Hech. 1:10, 11; 1 Ped. 1:3-9; 1 Jn. 3:1-3

 

  Introducción:

  Al igual que decíamos el domingo anterior que la gracia del Señor nos sostiene, hoy afirmamos que este sostén radica en Cristo. Sí, Él es nuestra esperanza. Además, una esperanza real.

  Se ha dicho muchas veces que el hombre, que el ser humano, es el ente más débil de la naturaleza. Y lo es precisamente a causa de su inteligencia mal empleada. ¡No tiene bastante nunca! Siempre, siempre está lleno de necesidades y si éstas no son reales, se las inventa. Nace el león y a lo mejor tiene interés en que la caza le sea propicia, nace el pájaro y trata de aprovechar las corrientes ascendentes para ayudarse en la vida, nace la rosa y su mayor interés es servir para aquello que fue creada: Ser hermosa y dar olor… Pero nace el hombre, y apenas salido de la dependencia paterna, cae de lleno en la esclavitud que gritan o representan sus necesidades, que por más que las cubra, siempre aparecen de nuevo vestidas con otra apariencia. Pero, ¿quién no las tiene?
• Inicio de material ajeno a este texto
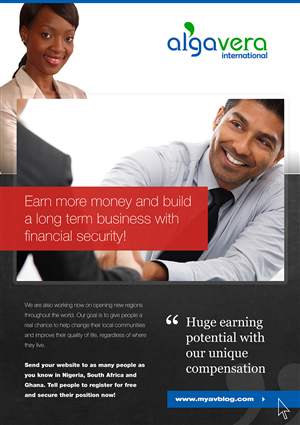 Flyer Design by Shahid Kanwal for this project | Design: #1204059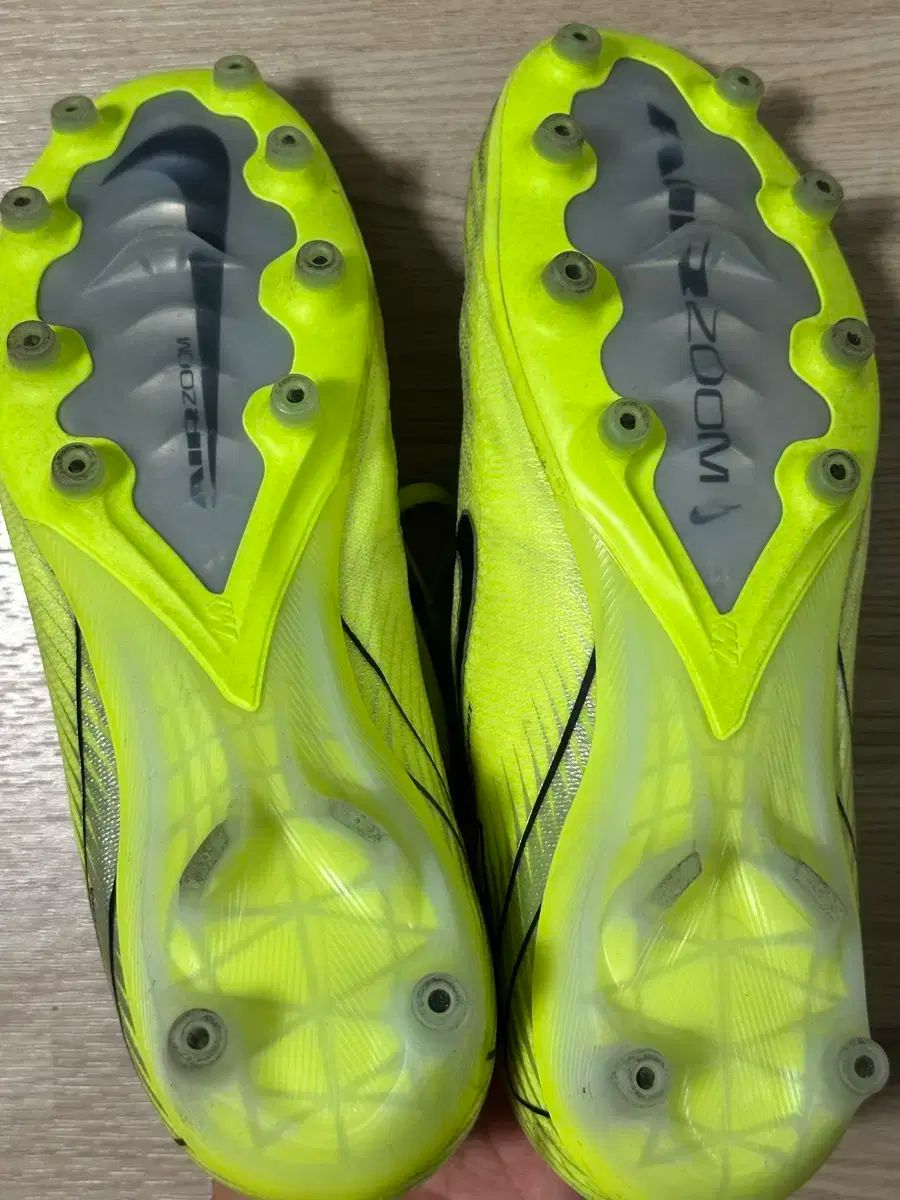 Vapor ヴェイパー 16 エリート 270ag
El pobre, por el hecho de serlo, las tiene. El rico, por ser rico; el sabio, por sabio; el ignorante, por ignorante; el gitano o el negro por causa de su piel y el blanco, sí, el blanco, por blanco. Y la edad, la edad también es un motivo de caos, dolor, preocupación y necesidad. Así tiene problemas el joven y el viejo, el muchacho y el mayor…

  Estas necesidades surgen precisamente a causa de su evidente superioridad respecto al resto de la naturaleza. Esta superioridad le crea una psicosis de dependencia jamás satisfecha; porque el hombre se esfuerza en conseguir el pan, por asegurar el vestido, la vivienda… y cuando ha satisfecho éstas, emergen otras que, poco a poco, van tomando la categoría de primarias y, hasta cierto punto, indispensables. Ojo hermanos, el cristiano, por el hecho de serlo, no está exento de esta lucha por la vida. Sin embargo, todo ser humano suspira, y a veces sin saberlo, por algo que va más allá de esta vida y aun de el mundo. Suspira profundamente por Dios como una de las mayores necesidades a causa de su naturaleza espiritual. Y en la forma en que el ser satisface esta imperiosa necesidad del Señor, consigue influir de forma inevitable en la claridad, determinación y satisfacción de todas las otras. ¡Nosotros sabemos bien que sólo Cristo satisface! Él es la respuesta clave a nuestras angustias. ¡Él es nuestra única esperanza!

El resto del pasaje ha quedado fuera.